Schist gecko

Scientific classification
- Kingdom: Animalia
- Phylum: Chordata
- Class: Reptilia
- Order: Squamata
- Suborder: Gekkota
- Family: Diplodactylidae
- Genus: Woodworthia
- Binomial name: Woodworthia sp.

= Schist gecko =

Species of gecko

The schist gecko (Woodworthia "Central Otago") is a species of reptile found in the South Island of New Zealand.

==Description==
Schist geckos are a small to medium-sized species. The SVL of schist geckos ranges between 51–71 mm, but it is usually around 60–68 mm. The intact tail length of schist geckos measures about equal to the SVL (71 mm). The rostral scale commences at the tip of the upper jaw, and it is a broad scale that extends from the mouth to or almost to the nostril. The rostral scale of schist geckos is virtually in contact with the nostrils. Schist geckos' eye colour can be brown, green-grey and even yellow.

Schist geckos are slender and dorso-ventrally flattened, which accommodates their nature of inhabiting deep crevices and slabs of schist rock. Its upper (dorsal) body colour is mid-dark brown or olive-brown and mimics the brown colour of schist rocks. Body colour commonly varies among different schist gecko populations. Olive-green, yellowish, and light to dark grey colours have been recorded, as well as the presence of stripes. Some individuals in schist gecko populations have a pale stripe from the eye to the ear opening. In addition to colour, it is common for patterns to vary between individuals. This is due to the irregular pale brown blotches and random pale/darker small spots and flecks. Markings extend down the intact tail. Other markings can include a bold marking on the head of geckos or a brown V-shaped marking behind the eyes. Schist geckos have a pink mouth lining and tongue. There is a grey tip noticeable on the tongue.

The distal phalanges of schist geckos are long and straight. The distal phalange is a portion of the toe that does not form the lamellar pad. Situated beneath the toe of schist geckos are curved lamellae. These are a series of soft, scale-like plates that divide and cover the width of the slightly expanded toe-pads. Schist geckos have nine to eleven subdigital lamellae. The soles of schist geckos' feet are grey in a paler buff form, and the toes of schist geckos are narrow in comparison to other Woodworthia.
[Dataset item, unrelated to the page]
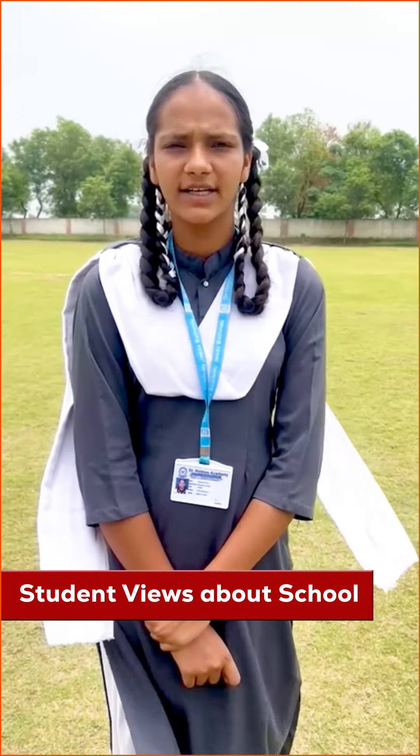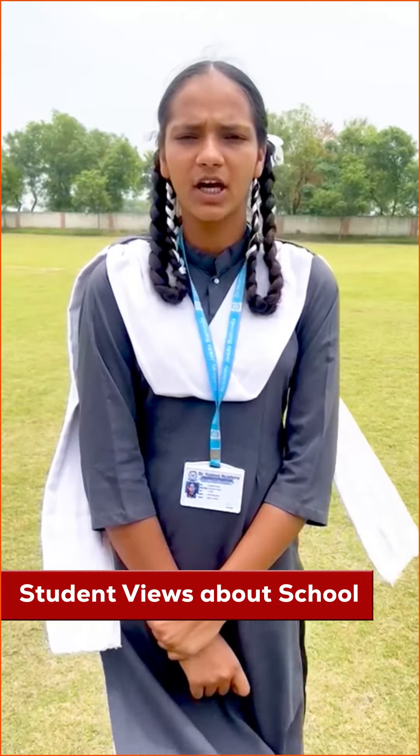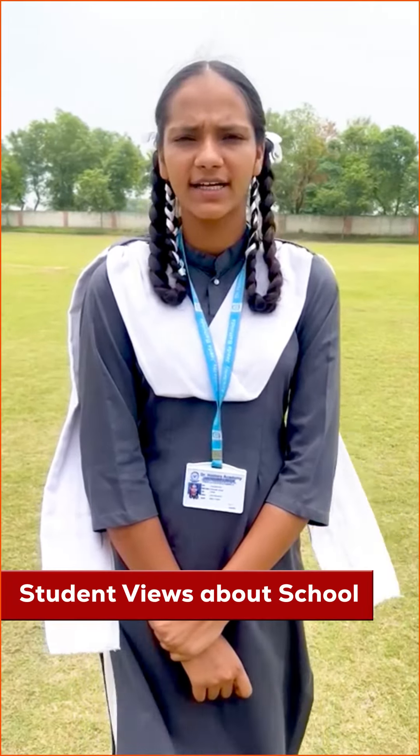Hello everybody, my name is Jasprevkar. I studied in 10th grade at Dr. Holmes Academy. Now, I would like to tell everybody about a very beneficial and helpful app.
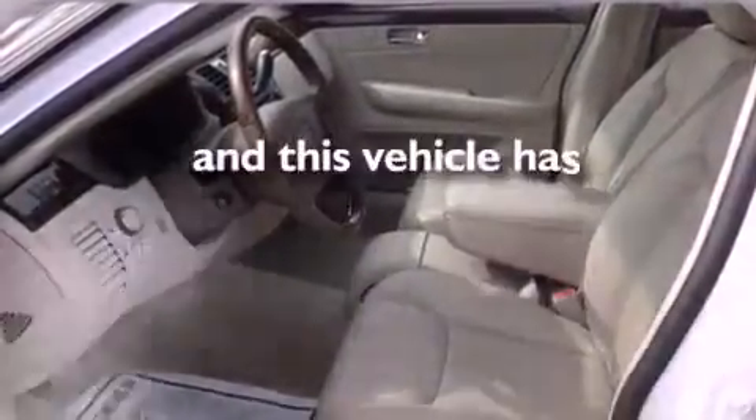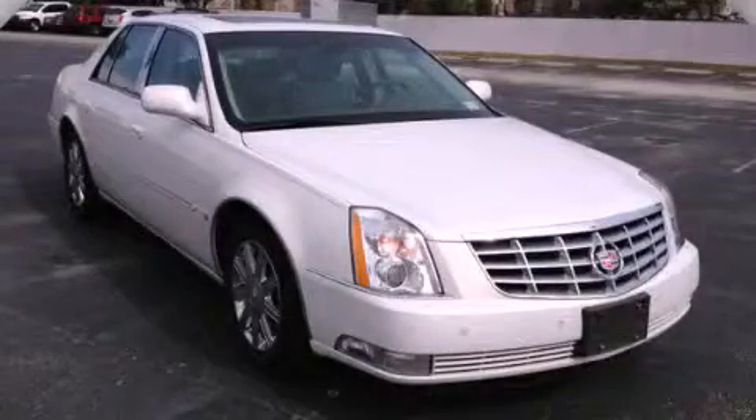And this vehicle has fewer than 65,000 miles on the odometer. Contact us today to arrange your test drive.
Schist geckos are distinguishable from other neighbouring gecko species, such as the southern alps gecko. This is because the under (ventral) surface colour of schist geckos is darker in appearance, which is mid-grey containing dark grey specks.

== Geographic distribution ==
Schist geckos are endemic to the South Island of New Zealand. Schist geckos are confined to a small part of the low-lying hill country in Otago including between the Ida Burn and Rough Ridge ranges. The specific area in which schist geckos are found is between the Maniototo, Manuherikia and Clutha Valleys. The Manuherikia River and the upper Taieri River are catchments that roughly contain the specific area of schist geckos. Schist geckos are especially common in Alexandra. However, this is susceptible to change due to the decline in species numbers.

Schist geckos rarely share their range with any other Woodworthia, with only narrow overlaps with other species.

==Habitat==
Schist geckos are a terrestrial species with a montane/subalpine habitat preference. Schist geckos prefer dry and rocky habitats, particularly schist rock outcrops. These outcrops and tors have an elevation of up to 1100 m above sea level. Schist geckos can also be found in some residential areas where suitable rock outcrops are present.

==Ecology==
===Life cycle and phenology===
Schist geckos are known to sunbathe within or near crevices during the day and emerge at night to avoid predators. Individuals will venture out at night onto the open rock surfaces as well as within the dense vegetation growing in the low-lying lands. The dense vegetation includes Muehlenbeckia complexa, bush-lawyer, Melicytus alpinus or Coprosma sp.

It takes juveniles four years to reach reproductive maturity. Annual mating occurs after February and happens straight after egg laying. Two young are born in February, the year after reproduction. Finding a mate is not challenging for schist geckos because they are able to form large aggregations when abundant.

===Diet and foraging===
Schist geckos are nocturnal foragers. Schist geckos are insectivores, but they also consume fruits. When available, schist geckos consume flower nectar.

===Predators, parasites, and diseases===
Predators vary over different parts of their range. Schist geckos are predated on by introduced mammalian predators such as rodents, stoats, ferrets, weasels, and hedgehogs.

== Conservation status ==
The conservation status of schist geckos was updated from Not Threatened to Declining in 2015. The regional trend projects a 10-30% decline for schist gecko numbers.

== Threats ==
Schist geckos may not be able to adapt to new environmental conditions, such a climate change, due to their restricted geographic range. A select number of individual schist geckos have been found near residential areas and this number may increase as their habitat is modified via intense agricultural development.